Write out the line that has "soei retro polygon" in it, along with each line that comes after it until the listing ends, and add nothing.

_Source information_
***
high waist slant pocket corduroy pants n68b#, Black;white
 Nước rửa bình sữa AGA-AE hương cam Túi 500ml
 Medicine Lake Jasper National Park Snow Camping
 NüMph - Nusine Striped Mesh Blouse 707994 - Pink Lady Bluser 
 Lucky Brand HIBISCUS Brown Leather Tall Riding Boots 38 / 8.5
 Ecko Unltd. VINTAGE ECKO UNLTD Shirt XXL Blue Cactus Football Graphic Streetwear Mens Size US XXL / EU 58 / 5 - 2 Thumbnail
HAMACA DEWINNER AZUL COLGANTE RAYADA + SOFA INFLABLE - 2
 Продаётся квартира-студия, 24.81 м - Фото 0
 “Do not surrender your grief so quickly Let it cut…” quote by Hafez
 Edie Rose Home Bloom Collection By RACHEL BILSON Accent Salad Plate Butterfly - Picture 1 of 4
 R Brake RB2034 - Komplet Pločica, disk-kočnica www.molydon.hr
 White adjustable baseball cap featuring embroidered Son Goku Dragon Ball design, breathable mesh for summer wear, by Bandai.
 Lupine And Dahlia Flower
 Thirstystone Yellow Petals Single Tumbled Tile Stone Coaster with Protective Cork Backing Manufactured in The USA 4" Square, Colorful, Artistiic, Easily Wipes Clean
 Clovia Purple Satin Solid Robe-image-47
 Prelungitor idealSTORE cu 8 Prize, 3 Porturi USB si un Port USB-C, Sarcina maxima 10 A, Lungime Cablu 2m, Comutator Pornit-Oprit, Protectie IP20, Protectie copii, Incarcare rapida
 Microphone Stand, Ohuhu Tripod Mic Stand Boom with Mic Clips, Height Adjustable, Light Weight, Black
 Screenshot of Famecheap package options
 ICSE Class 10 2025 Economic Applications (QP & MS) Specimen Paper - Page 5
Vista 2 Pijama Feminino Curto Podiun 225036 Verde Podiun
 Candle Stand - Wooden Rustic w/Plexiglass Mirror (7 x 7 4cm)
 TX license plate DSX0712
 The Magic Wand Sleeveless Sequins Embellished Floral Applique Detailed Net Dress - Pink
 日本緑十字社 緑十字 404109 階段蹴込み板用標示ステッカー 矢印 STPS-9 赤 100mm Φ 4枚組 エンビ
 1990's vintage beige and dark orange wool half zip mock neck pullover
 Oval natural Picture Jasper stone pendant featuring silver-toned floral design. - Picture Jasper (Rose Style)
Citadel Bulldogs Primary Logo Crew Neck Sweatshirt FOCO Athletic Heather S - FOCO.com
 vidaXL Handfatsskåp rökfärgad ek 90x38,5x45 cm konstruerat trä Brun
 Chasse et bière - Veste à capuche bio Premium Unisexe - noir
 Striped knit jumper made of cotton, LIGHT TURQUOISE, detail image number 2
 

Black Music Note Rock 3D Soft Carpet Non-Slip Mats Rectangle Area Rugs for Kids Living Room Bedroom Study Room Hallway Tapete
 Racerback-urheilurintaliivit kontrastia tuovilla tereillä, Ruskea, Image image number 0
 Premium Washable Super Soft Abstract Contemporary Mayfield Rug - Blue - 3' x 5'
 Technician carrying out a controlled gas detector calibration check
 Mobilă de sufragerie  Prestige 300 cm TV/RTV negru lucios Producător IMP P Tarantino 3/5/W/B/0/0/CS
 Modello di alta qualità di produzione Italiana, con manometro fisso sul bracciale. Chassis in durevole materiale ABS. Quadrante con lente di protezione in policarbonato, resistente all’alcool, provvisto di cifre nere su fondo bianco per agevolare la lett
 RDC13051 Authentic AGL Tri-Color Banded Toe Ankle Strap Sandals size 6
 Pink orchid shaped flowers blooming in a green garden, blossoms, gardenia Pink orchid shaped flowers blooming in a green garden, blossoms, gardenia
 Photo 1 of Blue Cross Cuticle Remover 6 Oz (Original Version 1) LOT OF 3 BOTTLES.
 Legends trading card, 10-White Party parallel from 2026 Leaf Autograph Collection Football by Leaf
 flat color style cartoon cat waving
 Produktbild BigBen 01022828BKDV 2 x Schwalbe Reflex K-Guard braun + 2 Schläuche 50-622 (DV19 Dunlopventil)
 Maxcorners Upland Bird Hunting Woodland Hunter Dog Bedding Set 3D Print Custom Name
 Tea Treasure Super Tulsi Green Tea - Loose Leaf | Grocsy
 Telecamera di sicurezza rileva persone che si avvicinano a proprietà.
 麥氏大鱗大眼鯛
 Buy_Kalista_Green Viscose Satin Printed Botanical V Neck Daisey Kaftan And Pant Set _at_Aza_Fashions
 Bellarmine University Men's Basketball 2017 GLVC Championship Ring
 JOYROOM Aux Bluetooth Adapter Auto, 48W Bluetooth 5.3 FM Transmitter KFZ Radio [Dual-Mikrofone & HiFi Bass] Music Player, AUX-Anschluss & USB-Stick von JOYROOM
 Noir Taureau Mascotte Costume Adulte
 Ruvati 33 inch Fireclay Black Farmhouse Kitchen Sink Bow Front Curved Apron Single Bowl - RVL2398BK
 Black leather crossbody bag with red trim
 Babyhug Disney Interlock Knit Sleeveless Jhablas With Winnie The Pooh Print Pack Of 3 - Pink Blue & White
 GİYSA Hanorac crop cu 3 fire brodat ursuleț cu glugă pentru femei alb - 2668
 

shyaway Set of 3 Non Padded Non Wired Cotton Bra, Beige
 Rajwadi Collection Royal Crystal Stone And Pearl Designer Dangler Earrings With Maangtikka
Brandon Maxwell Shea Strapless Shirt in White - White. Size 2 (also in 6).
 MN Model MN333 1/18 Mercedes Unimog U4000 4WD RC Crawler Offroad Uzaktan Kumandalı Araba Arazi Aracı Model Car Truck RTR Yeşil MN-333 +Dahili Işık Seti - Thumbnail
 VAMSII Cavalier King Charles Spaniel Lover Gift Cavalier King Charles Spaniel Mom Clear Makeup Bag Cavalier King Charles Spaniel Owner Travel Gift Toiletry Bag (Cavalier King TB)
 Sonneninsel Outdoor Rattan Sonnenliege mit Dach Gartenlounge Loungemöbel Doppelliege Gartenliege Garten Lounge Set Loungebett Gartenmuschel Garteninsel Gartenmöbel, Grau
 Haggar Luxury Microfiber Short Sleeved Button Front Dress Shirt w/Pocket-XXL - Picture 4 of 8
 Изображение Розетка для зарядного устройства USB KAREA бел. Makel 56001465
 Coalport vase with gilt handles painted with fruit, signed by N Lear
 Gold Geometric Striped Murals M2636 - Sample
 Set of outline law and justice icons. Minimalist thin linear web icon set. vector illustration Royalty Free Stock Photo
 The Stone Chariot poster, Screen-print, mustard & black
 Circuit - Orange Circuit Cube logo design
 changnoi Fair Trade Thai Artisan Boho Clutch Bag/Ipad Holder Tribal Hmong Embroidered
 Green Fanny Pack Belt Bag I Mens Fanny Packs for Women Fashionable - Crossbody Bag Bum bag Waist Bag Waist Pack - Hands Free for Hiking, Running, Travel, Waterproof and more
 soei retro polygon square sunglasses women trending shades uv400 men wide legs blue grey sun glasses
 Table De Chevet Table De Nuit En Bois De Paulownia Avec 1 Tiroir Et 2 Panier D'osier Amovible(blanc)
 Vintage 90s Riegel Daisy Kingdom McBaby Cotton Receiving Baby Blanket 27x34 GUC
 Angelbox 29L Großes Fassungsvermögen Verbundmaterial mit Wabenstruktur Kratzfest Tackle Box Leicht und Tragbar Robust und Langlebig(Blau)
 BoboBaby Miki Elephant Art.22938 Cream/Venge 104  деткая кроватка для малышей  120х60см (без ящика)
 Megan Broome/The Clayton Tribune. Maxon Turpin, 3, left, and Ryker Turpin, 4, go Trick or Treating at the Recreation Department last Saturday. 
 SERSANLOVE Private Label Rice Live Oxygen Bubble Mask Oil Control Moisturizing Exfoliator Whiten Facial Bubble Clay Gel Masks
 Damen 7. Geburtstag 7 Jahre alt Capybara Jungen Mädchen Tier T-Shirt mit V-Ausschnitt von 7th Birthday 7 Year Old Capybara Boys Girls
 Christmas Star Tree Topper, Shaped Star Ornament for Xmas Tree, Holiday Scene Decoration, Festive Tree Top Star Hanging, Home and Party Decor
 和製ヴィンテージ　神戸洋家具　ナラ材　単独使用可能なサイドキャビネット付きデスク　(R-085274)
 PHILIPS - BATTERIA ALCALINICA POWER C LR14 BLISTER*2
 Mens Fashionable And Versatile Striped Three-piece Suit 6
***
_Result of this task_
 soei retro polygon square sunglasses women trending shades uv400 men wide legs blue grey sun glasses
 Table De Chevet Table De Nuit En Bois De Paulownia Avec 1 Tiroir Et 2 Panier D'osier Amovible(blanc)
 Vintage 90s Riegel Daisy Kingdom McBaby Cotton Receiving Baby Blanket 27x34 GUC
 Angelbox 29L Großes Fassungsvermögen Verbundmaterial mit Wabenstruktur Kratzfest Tackle Box Leicht und Tragbar Robust und Langlebig(Blau)
 BoboBaby Miki Elephant Art.22938 Cream/Venge 104  деткая кроватка для малышей  120х60см (без ящика)
 Megan Broome/The Clayton Tribune. Maxon Turpin, 3, left, and Ryker Turpin, 4, go Trick or Treating at the Recreation Department last Saturday. 
 SERSANLOVE Private Label Rice Live Oxygen Bubble Mask Oil Control Moisturizing Exfoliator Whiten Facial Bubble Clay Gel Masks
 Damen 7. Geburtstag 7 Jahre alt Capybara Jungen Mädchen Tier T-Shirt mit V-Ausschnitt von 7th Birthday 7 Year Old Capybara Boys Girls
 Christmas Star Tree Topper, Shaped Star Ornament for Xmas Tree, Holiday Scene Decoration, Festive Tree Top Star Hanging, Home and Party Decor
 和製ヴィンテージ　神戸洋家具　ナラ材　単独使用可能なサイドキャビネット付きデスク　(R-085274)
 PHILIPS - BATTERIA ALCALINICA POWER C LR14 BLISTER*2
 Mens Fashionable And Versatile Striped Three-piece Suit 6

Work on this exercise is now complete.